The Pros: Come in lots of colors, fairly easy to clean, inexpensive. The Cons: Sometimes have rather visible seams, chips and cracks can be almost impossible to repair.

Ceramic Tile Countertops

Ceramic tile is often a very popular choice with homeowners who are looking for something different to laminates but were looking for a ‘budget’ choice when they were installed.

The Pros: Can be created in any color or pattern the homeowner desires. Very durable and can withstand heat very well, easy to install and can even be considered a DIY project. Another relatively inexpensive choice.

The Cons: Grout lines can become very dirty and hard to get clean. Prone to cracking and chipping.

Wood Counter Tops

Wood countertops are a great choice from a design point of view for those who are going for a rustic look in their homes. They may not be a very ecofriendly choice though unless they were crafted from recycled wood.

The Pros: Smooth and beautiful, scratches and nicks are easy to sand away. Natural antibacterial properties can make for a healthier kitchen. Often a more durable choice than laminate or tile.

The Cons: Must be oiled and varnished properly to maintain their looks. Can be quite easily damaged by excess moisture and stained by brightly colored liquids/foods.

Engineered Stone Countertops 

Engineered stone countertops are made from a natural quartz and mixed with a resin to bind it all together.

The Pros: Available in a great many colors. Resists stains very well and is quite easy to take care of daily.

The Cons: Rather expensive, especially in a custom fabrication.

Stainless Steel Countertops

The perennial choice for restaurant and commercial kitchen,s for those who like a modern look for their home stainless steel countertops can be an excellent choice.

The Pros: Resists heat and staining, easy to care for, can be a very bold design statement. The countertop of choice of most professional cooks and chefs, so perfect for the homeowner who is a keen and serious cook themselves, albeit an amateur one. The Cons: Very noisy. tend to dent easily and scratches can become a problem. Custom fabrication is expensive and, surprisingly, they may rust over time.

Recycled Glass Countertops

Recycled glass countertops are considered to be one of the most ecofriendly choices available at the moment as well as one of the most beautiful.

The Pros: Very beautiful, every countertop is different. Uses recycled materials so is a very green choice. Durable and heat resistant.

The Cons: Expensive, only a little cheaper than granite. Can be tough to care for.

Concrete Countertops

Concrete countertops offer the ultimate in design possibilities, as they can be created in any shape or size you desire.

The Pros: Have an unusual look and can be tinted to any color a homeowner chooses as well as crafted into any shape.
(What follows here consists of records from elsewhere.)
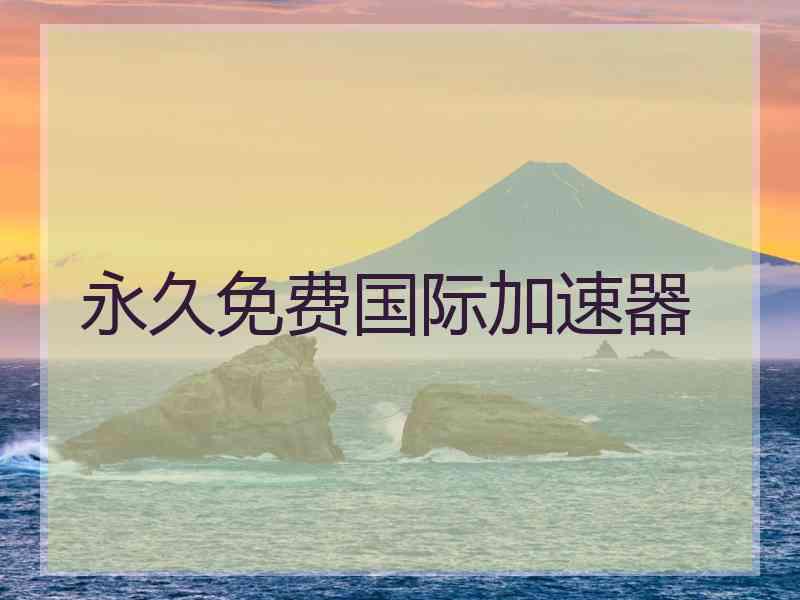 永久免费国际加速器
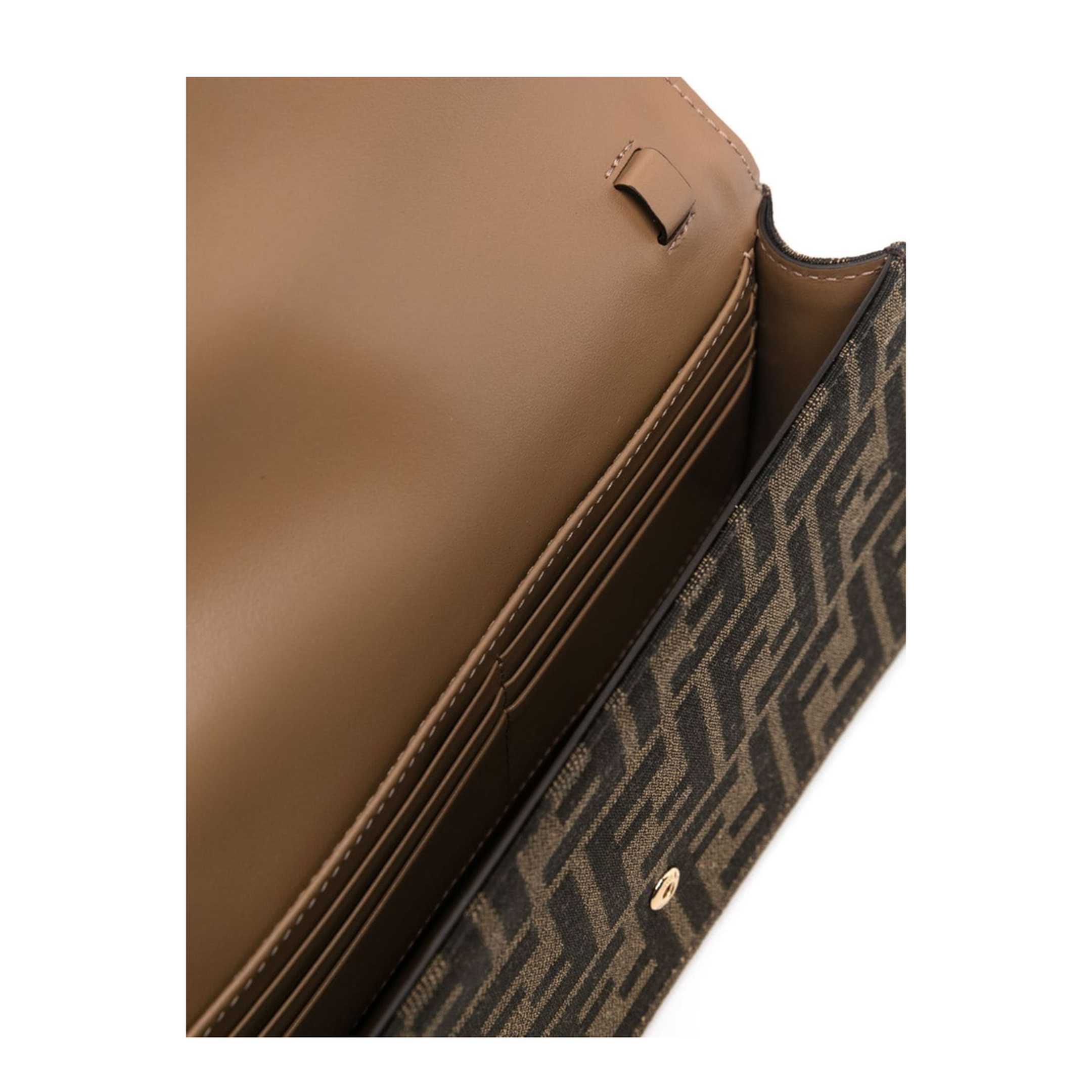 Baguette FF Jacquard Chain Wallet - Brown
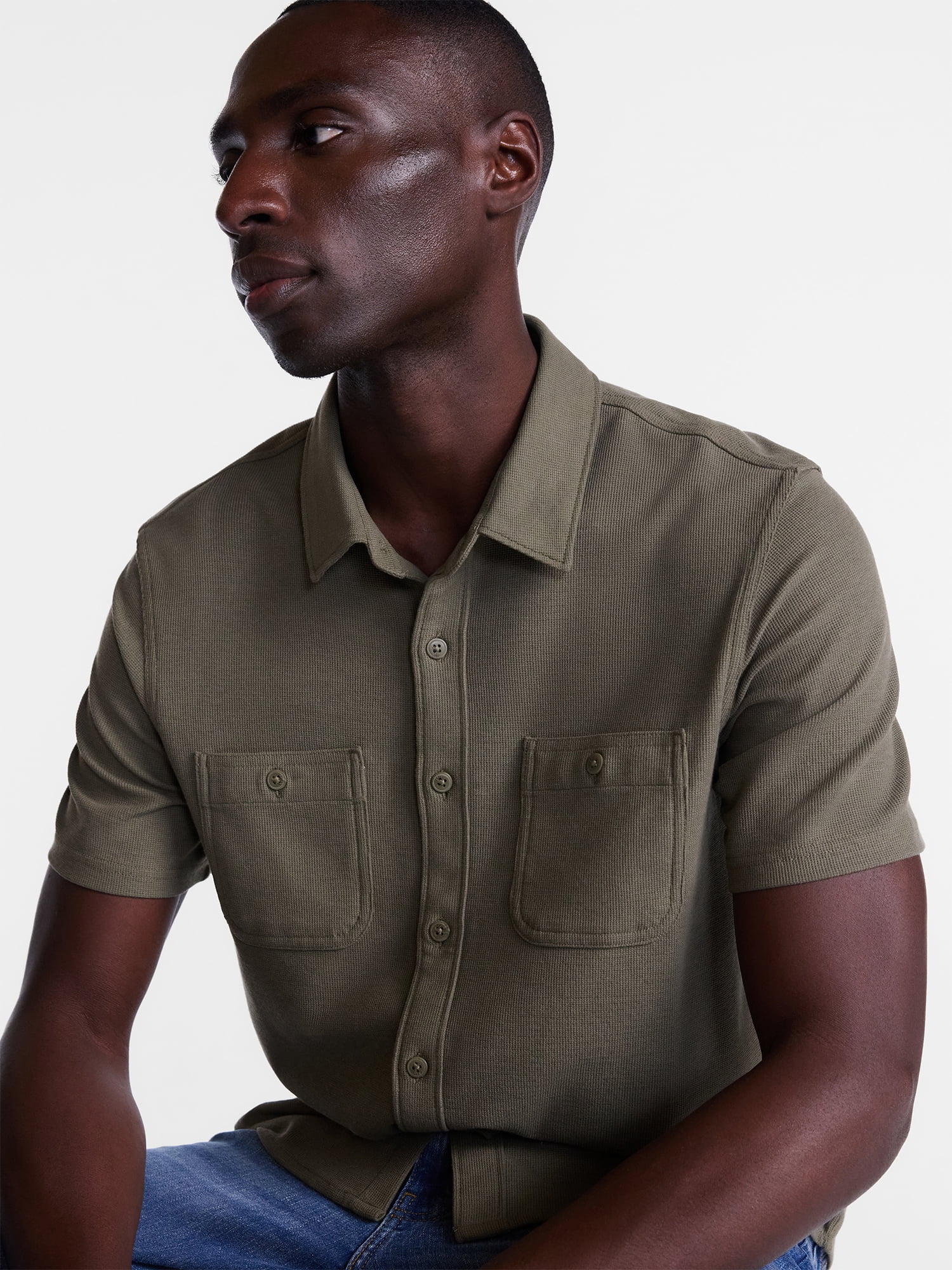 George Men's Waffle Knit Shirt with Short Sleeves, Sizes S-5XB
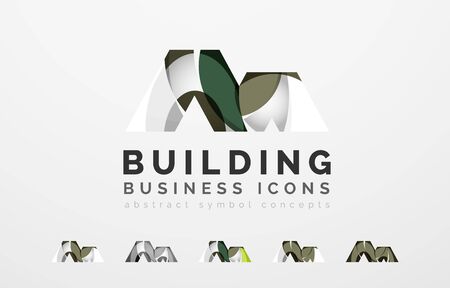 Set of real estate or building logo business icons. Created with overlapping colorful abstract waves and swirl shapesのイラスト素材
Heat and stain resistant and very durable.

The Cons: Have to be sealed to make them non-porous, can be rather expensive both to install and, if needed later, refinish.

Soapstone Counter Tops

Soapstone is a natural stone and has been used in homes as a counter top material for centuries.

The Pros: Beautiful deep colors. Somewhat stain resistant. Very long lasting and durable. The Cons: May darken over time. Needs to be treated with mineral oil on a regular basis to prevent cracking.

Granite Counter Tops

Granite has become the choice of counter top for many homeowners over the last few years, and, in many ways, for good reason.

The Pros: Comes in an amazing array of colors. Very durable, resists staining and heat very well. Is considered to be the hardest counter top material available. Will often increase the perceived value of a home.

The Cons: Prone to cracking if not properly installed. Expensive.

Marble Countertops

Although very beautiful marble is also very expensive, so it is rare to see more than an accent counter top (such as a kitchen island) in marble in a residential kitchen

The Pros: Its beauty and durability. Completely waterproof and heat resistant. The Cons: Very expensive. May need regular resealing to prevent water damage.